Since I want to demonstrate some sort of data analysis in this notebook, let's calculate the teams' mean performance in each category.

In [7]:
# initialize an array into which we can populate the values
means = np.zeros(np.shape(BHLresults)[-2:])

for team in range(np.size(BHLresults,1)):
    for cat in range(np.size(BHLresults,2)):
        means[team,cat]=round(np.mean(BHLresults[:,team,cat]),3)

# display using Pandas
pd.DataFrame(means, index=names, columns=cats)

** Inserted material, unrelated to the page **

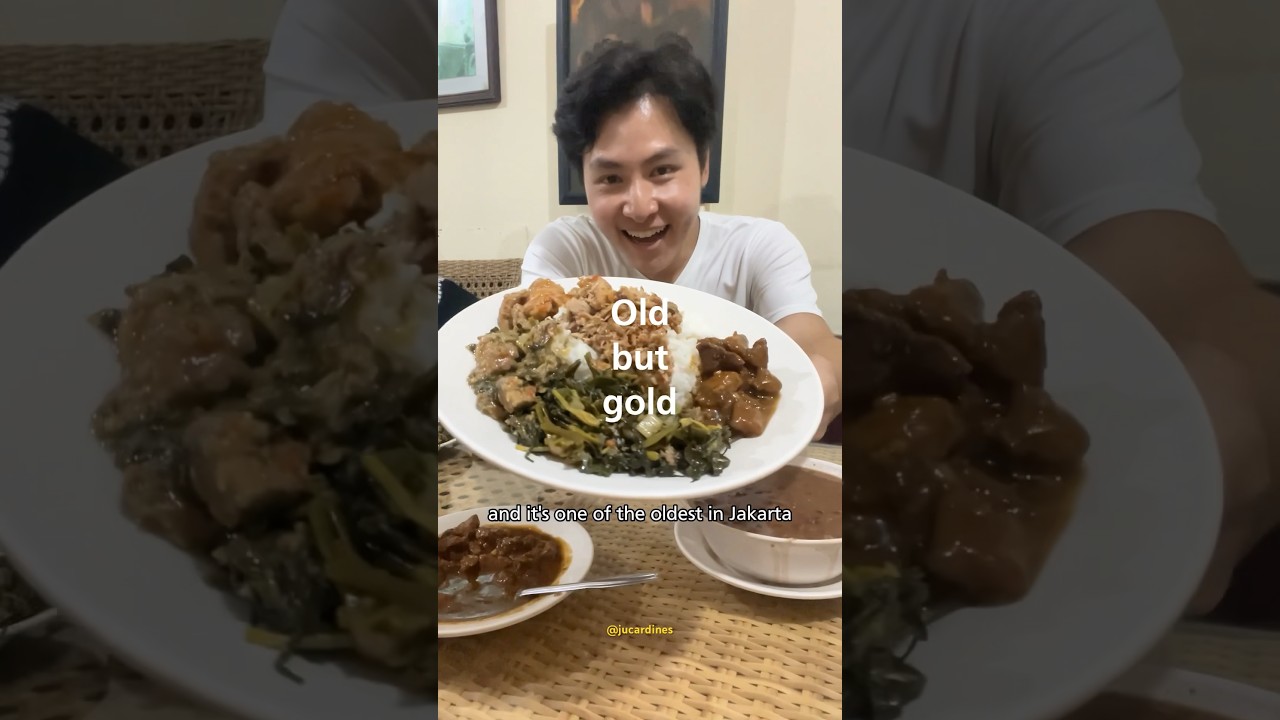 The oldest Manadonese restaurant! 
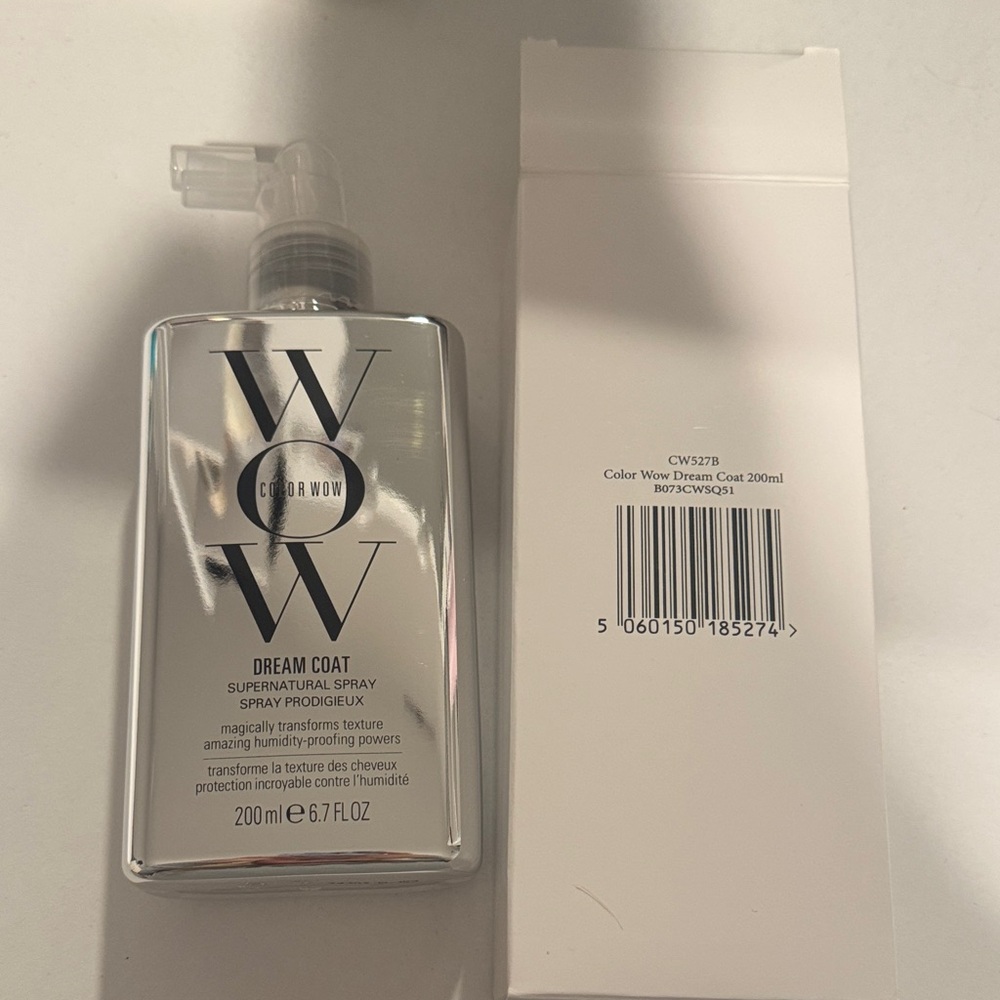 Color Wow Dream Coat Supernatural Spray - Sleek Silver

Unnamed: 0,G,A,+/-,Hits,Blk,W,SV%
Basement Dwellers,6.842,10.079,1.158,43.711,28.342,2.132,0.907
Chotchmahoneless,8.263,16.105,-0.421,20.895,22.658,2.368,0.921
Dice-n-Draft,6.474,15.184,-0.816,30.447,24.947,2.263,0.914
Dont Toews Me Bro,6.395,13.605,-0.184,47.079,32.605,2.605,0.912
Happys Hustlers,4.632,7.447,0.868,61.211,36.789,3.342,0.919
Hard Off the Glass,5.632,11.868,1.132,34.184,26.368,2.026,0.916
Neals Neat Team,5.184,8.868,0.553,47.658,30.0,2.5,0.921
Newfie Rockers,8.079,11.289,2.553,45.921,33.368,2.316,0.912
RyansNOTsoRandomTeam,7.526,14.053,1.895,49.763,33.132,2.842,0.913
The Gallows Pole,7.263,15.789,-0.342,23.684,24.368,2.895,0.924


This isn't revolutionary stuff, but it's a start.